■ Exercise details ■
Using the records below, output the stretch that opens with the line containing "5 adet Süper" and closes with the line containing "Pattern Printing PU", exactly and including both lines, with nothing more.

■ Given records ■
══════════
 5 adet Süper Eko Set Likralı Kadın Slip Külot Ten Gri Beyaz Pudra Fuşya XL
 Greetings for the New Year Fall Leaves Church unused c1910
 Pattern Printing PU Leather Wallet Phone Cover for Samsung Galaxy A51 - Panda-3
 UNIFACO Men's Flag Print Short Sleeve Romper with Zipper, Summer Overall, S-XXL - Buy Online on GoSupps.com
══════════
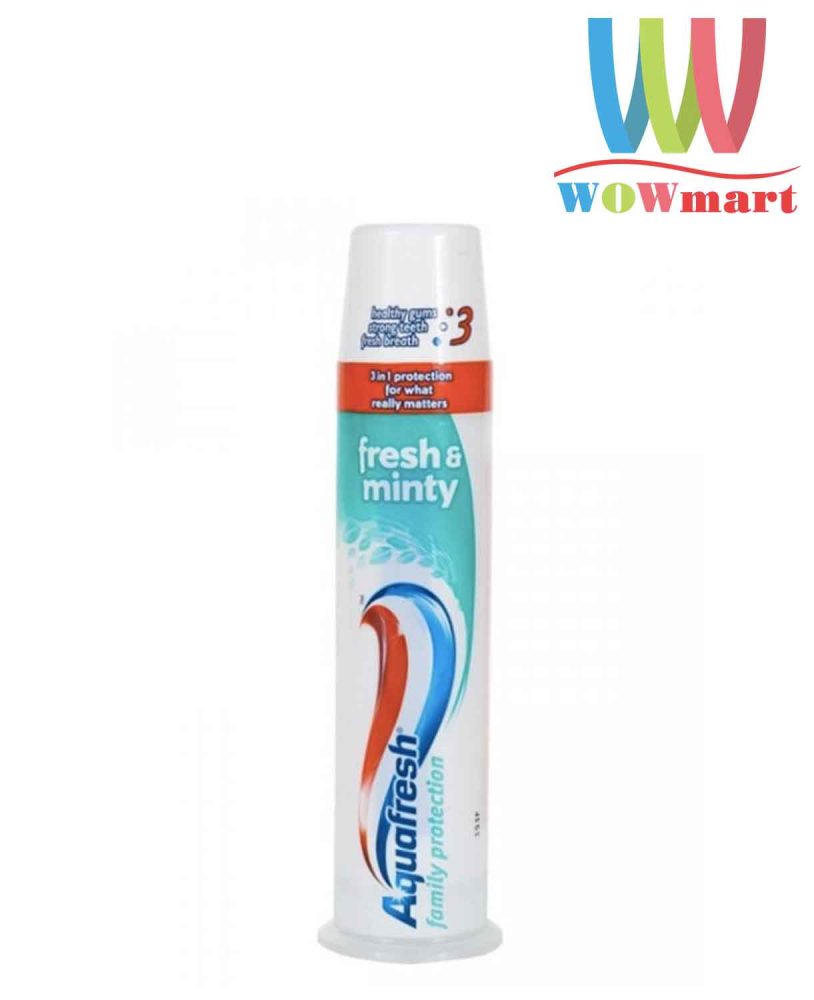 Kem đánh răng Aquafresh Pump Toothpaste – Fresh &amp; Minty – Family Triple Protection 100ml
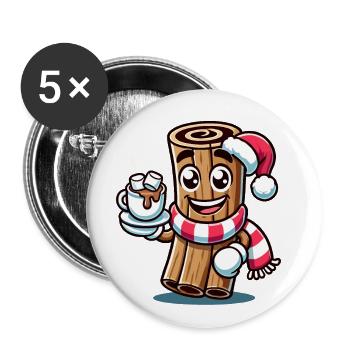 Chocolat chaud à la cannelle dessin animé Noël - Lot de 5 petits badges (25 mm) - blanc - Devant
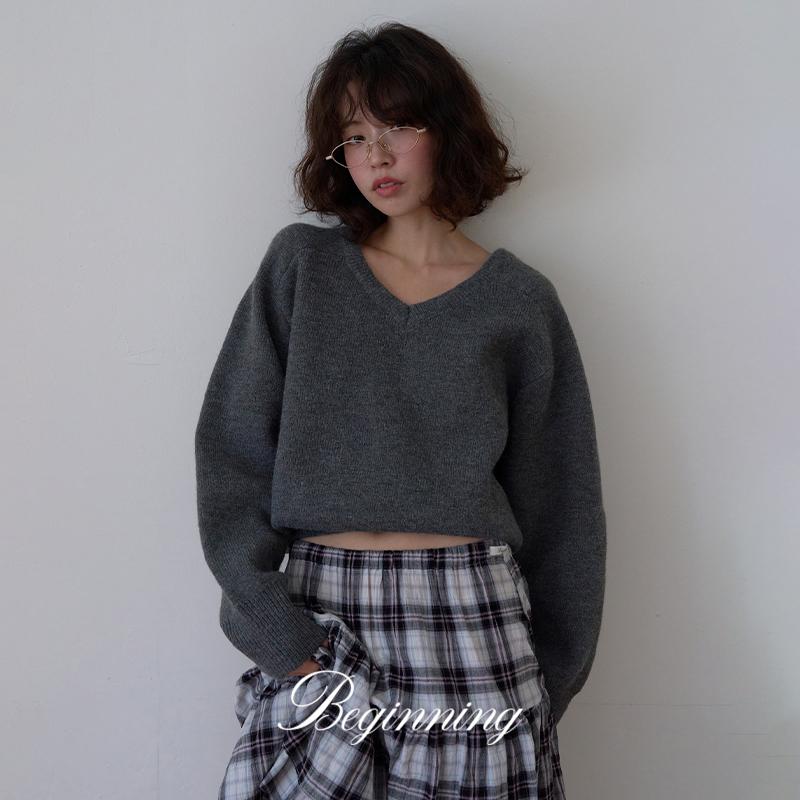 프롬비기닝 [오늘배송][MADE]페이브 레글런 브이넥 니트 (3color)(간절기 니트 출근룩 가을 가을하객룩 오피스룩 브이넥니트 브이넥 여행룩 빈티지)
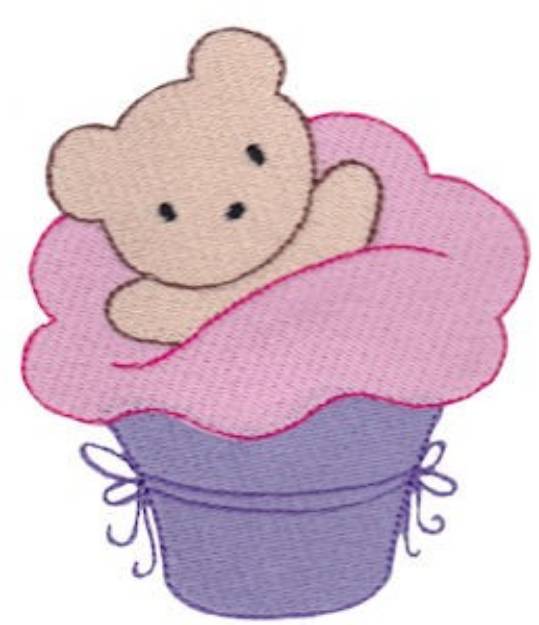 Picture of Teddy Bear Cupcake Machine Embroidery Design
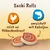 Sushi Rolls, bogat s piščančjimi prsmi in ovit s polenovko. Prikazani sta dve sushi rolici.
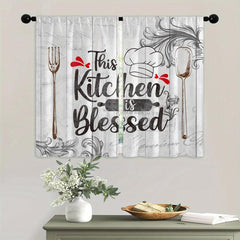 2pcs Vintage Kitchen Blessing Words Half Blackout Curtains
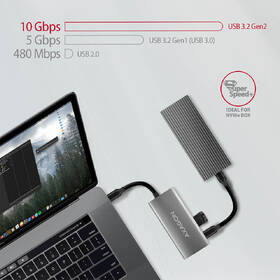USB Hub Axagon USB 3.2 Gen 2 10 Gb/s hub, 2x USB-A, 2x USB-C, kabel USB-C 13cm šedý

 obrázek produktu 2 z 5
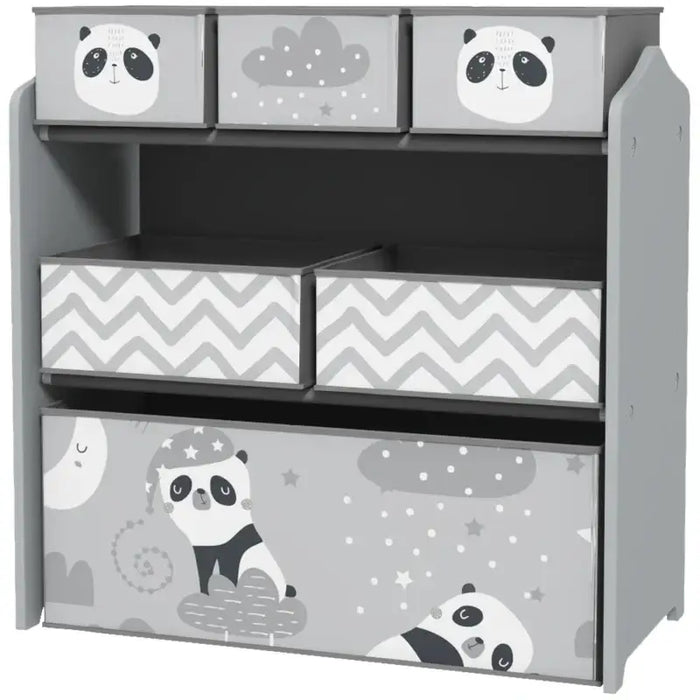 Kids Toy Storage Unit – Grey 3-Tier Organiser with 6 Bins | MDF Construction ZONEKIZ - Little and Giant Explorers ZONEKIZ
══════════
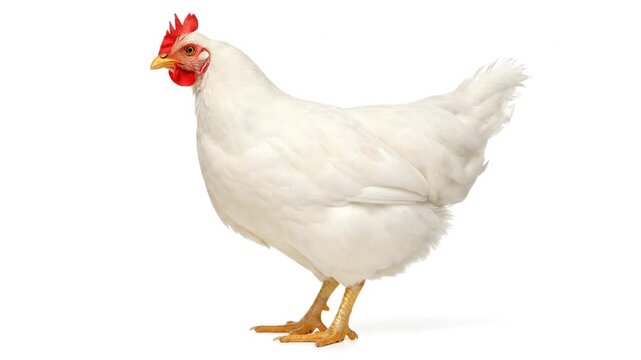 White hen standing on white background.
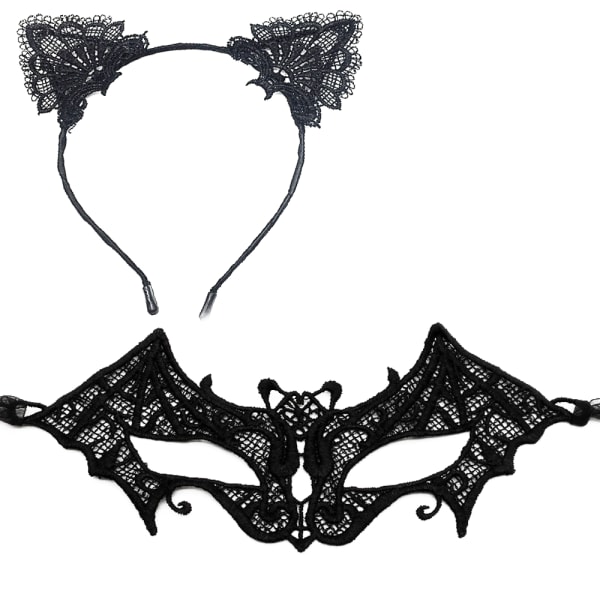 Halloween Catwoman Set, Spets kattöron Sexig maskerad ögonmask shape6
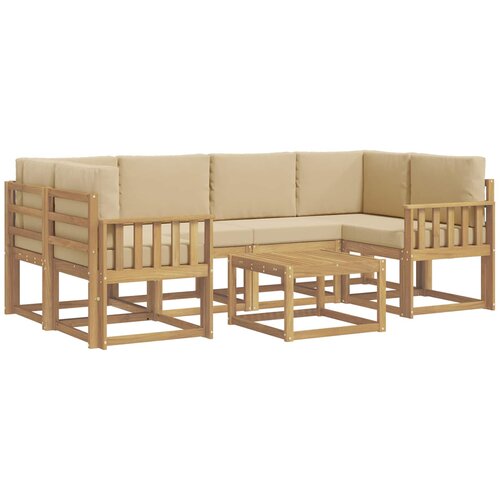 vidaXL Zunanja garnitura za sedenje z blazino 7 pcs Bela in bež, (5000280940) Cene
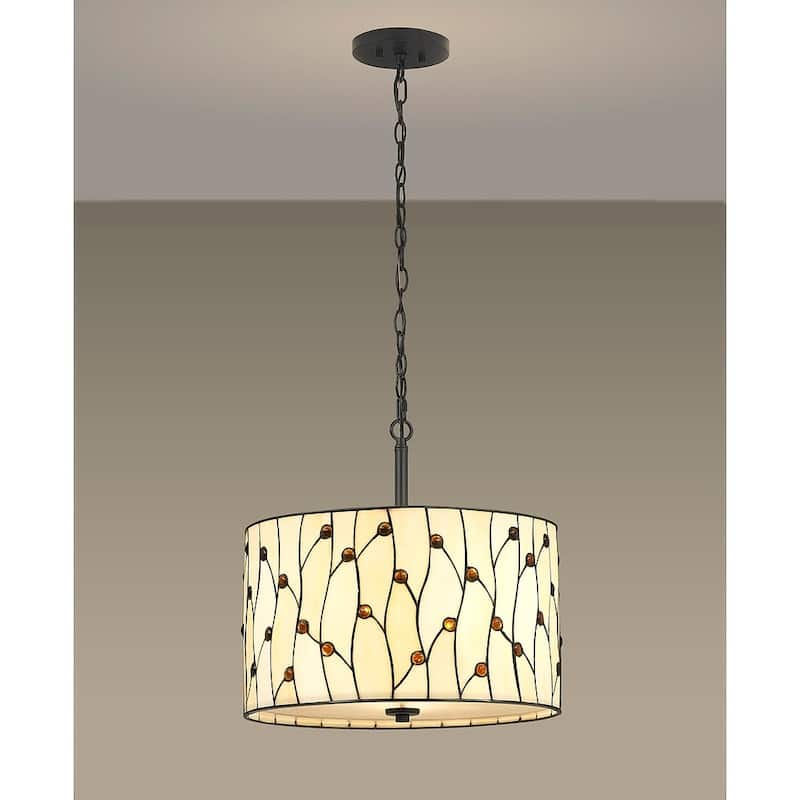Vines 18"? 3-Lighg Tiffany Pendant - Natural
══════════
■ Answer for this exercise ■
 5 adet Süper Eko Set Likralı Kadın Slip Külot Ten Gri Beyaz Pudra Fuşya XL
 Greetings for the New Year Fall Leaves Church unused c1910
 Pattern Printing PU Leather Wallet Phone Cover for Samsung Galaxy A51 - Panda-3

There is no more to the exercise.